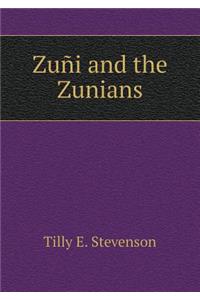 Zuñi and the Zunians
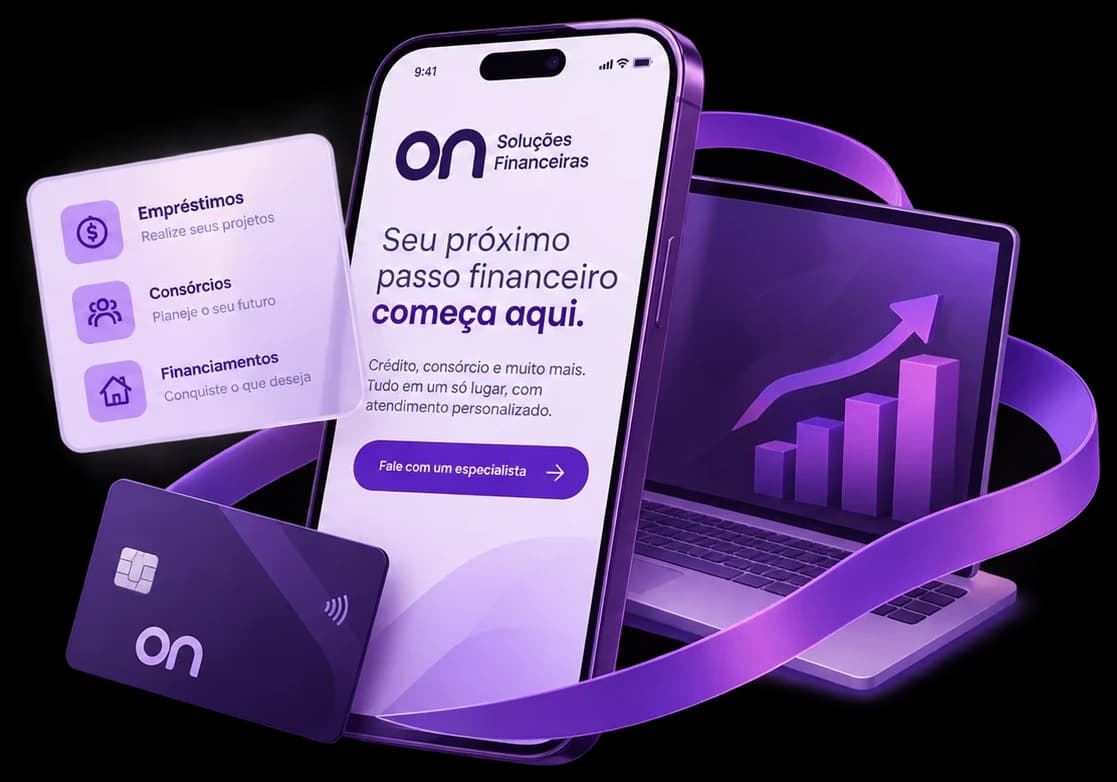 Celular com o site da On Soluções Financeiras e a frase “Seu próximo passo financeiro começa aqui”, ao lado de um cartão On, de um notebook com gráfico em alta e de um painel com empréstimos, consórcios e financiamentos.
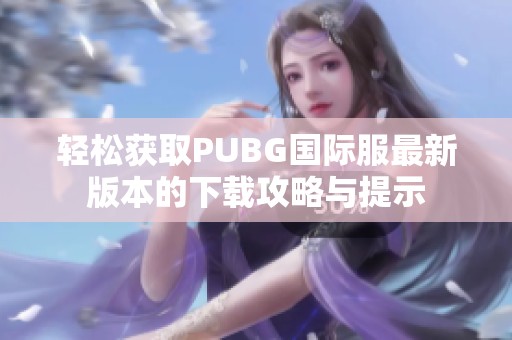 轻松获取PUBG国际服最新版本的下载攻略与提示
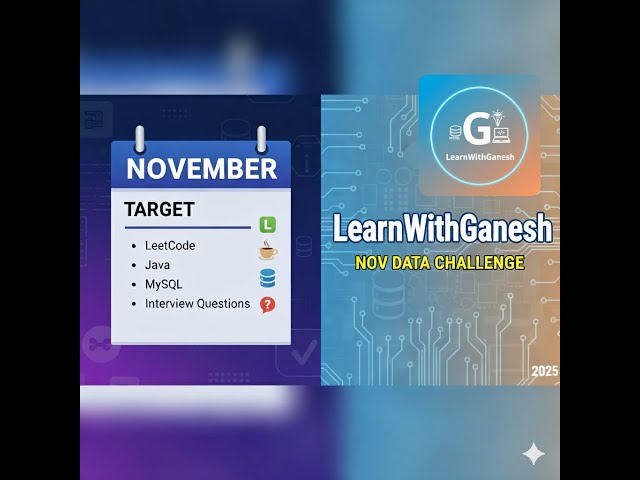 My November 2025 Challenge: 100 LeetCode | 50 SQL | Interview Plan!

#### Work to complete:
Leave the pictures out. Output exactly, and only, the lines from the one with "轻松获取PUBG国际服最新版本的下载攻略与提示" through the last line of the listing above, both included.

#### Answer to this exercise:
 轻松获取PUBG国际服最新版本的下载攻略与提示
 My November 2025 Challenge: 100 LeetCode | 50 SQL | Interview Plan!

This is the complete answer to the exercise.